EXERCISE DIRECTIONS -> Extract only the first line of the listing and every line after it up to and including the one with "Farmer holding a chicken". Omit the pictures.

┌─ PROVIDED DATA

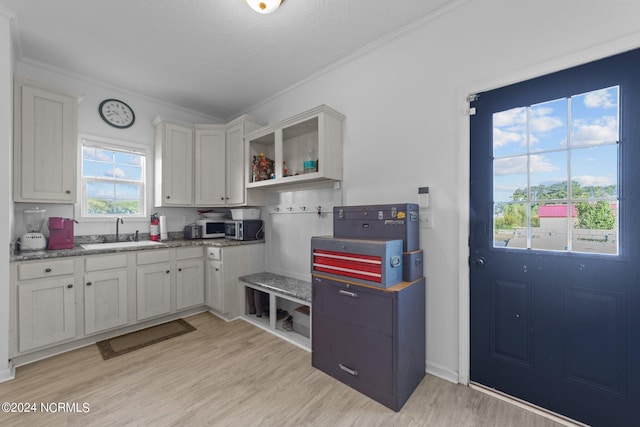 kitchen featuring white cabinets, light hardwood / wood-style floors, and sink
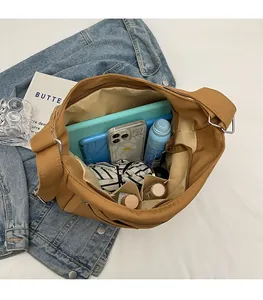 Interior view of large brown canvas tote bag showing spacious compartments and pockets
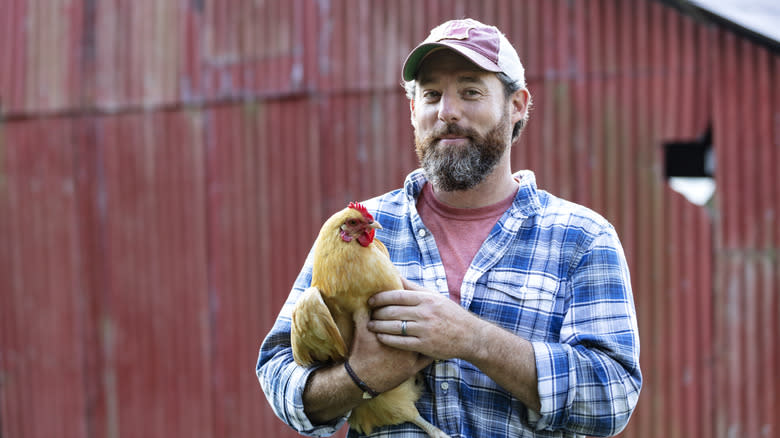 Farmer holding a chicken
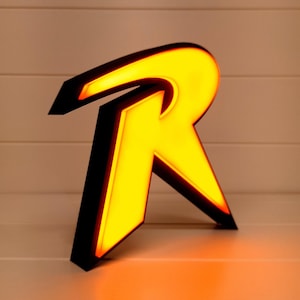 May include: A black and yellow 3D printed letter R, illuminated from within, resembling the Robin logo from the Batman comics.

└─

RESULT ->
 kitchen featuring white cabinets, light hardwood / wood-style floors, and sink
 Interior view of large brown canvas tote bag showing spacious compartments and pockets
 Farmer holding a chicken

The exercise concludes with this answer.